Reputation: 237
I'm using a TCP socket to send data from a client. The data is prepared, in advance, so I always have more data to send. Moreover, I can't change the size of the writes, otherwise the server will complain. I do the following:
while (1) {
poll(for POLLOUT condition);
write(to TCP socket);
if (no more data)
break;
}
The problem is that the POLL takes a very long time. I assume this is the time that the socket is actually being written to (or responded to). Is there anyway that I can reduce the amount of time spent in the poll? It is currently a major bottleneck.
Upvotes: 0
Views: 1122
Reputation: 311054
Socket being busy causes delays in poll()
Of course it does. That's what poll()
is for.
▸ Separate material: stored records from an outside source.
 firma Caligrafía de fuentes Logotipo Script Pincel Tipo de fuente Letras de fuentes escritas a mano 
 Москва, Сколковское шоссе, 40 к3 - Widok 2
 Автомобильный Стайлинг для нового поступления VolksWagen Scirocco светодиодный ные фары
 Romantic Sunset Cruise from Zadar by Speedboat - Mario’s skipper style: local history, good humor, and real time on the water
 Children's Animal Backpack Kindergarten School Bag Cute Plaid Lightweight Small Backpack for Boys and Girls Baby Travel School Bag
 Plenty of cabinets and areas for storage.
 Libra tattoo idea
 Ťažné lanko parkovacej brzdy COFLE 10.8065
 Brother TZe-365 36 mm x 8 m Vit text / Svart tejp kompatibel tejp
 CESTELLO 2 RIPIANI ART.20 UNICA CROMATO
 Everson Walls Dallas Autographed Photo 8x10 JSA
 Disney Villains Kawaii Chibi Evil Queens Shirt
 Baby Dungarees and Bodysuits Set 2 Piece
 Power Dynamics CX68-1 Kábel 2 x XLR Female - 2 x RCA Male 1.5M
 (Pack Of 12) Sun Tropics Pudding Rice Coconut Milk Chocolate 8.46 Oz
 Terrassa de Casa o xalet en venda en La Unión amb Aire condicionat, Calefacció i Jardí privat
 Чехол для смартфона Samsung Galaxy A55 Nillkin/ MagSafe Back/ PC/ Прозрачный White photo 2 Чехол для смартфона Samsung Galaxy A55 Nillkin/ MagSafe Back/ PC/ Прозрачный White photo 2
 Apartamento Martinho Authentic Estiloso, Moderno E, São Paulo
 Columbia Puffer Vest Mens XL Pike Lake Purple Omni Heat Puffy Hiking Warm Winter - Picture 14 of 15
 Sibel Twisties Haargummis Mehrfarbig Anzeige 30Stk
To delay until a socket becomes readable or writable.
Your writer is faster than your reader. Look for a solution at the reading end. Your writing end is behaving correctly.
However calling it every time at the head of that loop is pointless. Only call it when you need to know the socket has become writable. It is normally writable all the time, except when your socket send buffer is full, so calling it every time is a waste of time.
Just keep writing until you get EAGAIN/EWOULDBLOCK.
Then is the time to call poll()
, to tell you when there is space in the socket send buffer. Then just resume writing again as before.
Upvotes: 3
Reputation: 6568
Poll
will raise a POLLOUT
event when there's enough buffer space to enqueue further data. (Look at this link - Man (7) socket )
If it doesn't, it means write buffer is full and it means you're writing faster than the read capabilities of the other peer. Or simply the network is slower than you expect.